As I’ve previously discussed, BC Supreme Court Judges have discretion to re-open a trial after all parties closed their case. This is so even after judgement is given (so long as a final order has not been entered). Judges must exercise this discretion with caution but there is flexibility in doing so as was demonstrated in reasons for judgement released last week by the BC Supreme Court, Vancouver Registry.
In last week’s case (McIlvenna v. Viebig) the Plaintiff was injured in a 1995 incident when the bicycle he was riding collided with a motor vehicle driven by the defendant. The Plaintiff was 7 years old at the time. One of the matters at issue at trial was the Defendant’s ability to operate his vehicle safely. In pre-trial discovery the Defendant gave evidence that his health was “like a grizzly bear” at the time of the crash. When asked about having difficulty with sight he did not mention having any eye problems.

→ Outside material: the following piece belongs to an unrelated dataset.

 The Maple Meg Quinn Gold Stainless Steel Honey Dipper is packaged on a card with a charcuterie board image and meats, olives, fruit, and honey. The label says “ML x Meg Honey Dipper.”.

The trial ended and while both parties were waiting for the Court’s reasons the Plaintiff obtained the Defendant’s MSP printout. This documented some health care visits with billings relating to “disorders of the optic nerve and visual pathways” as well as “retinal disorders or eye tests” not long before the collision. On the strength of this the Plaintiff applied to re-open the trial so further evidence could be called addressing these issues. The Defendant opposed arguing that the Plaintiff was not diligent enough in exploring these issues pre-trial.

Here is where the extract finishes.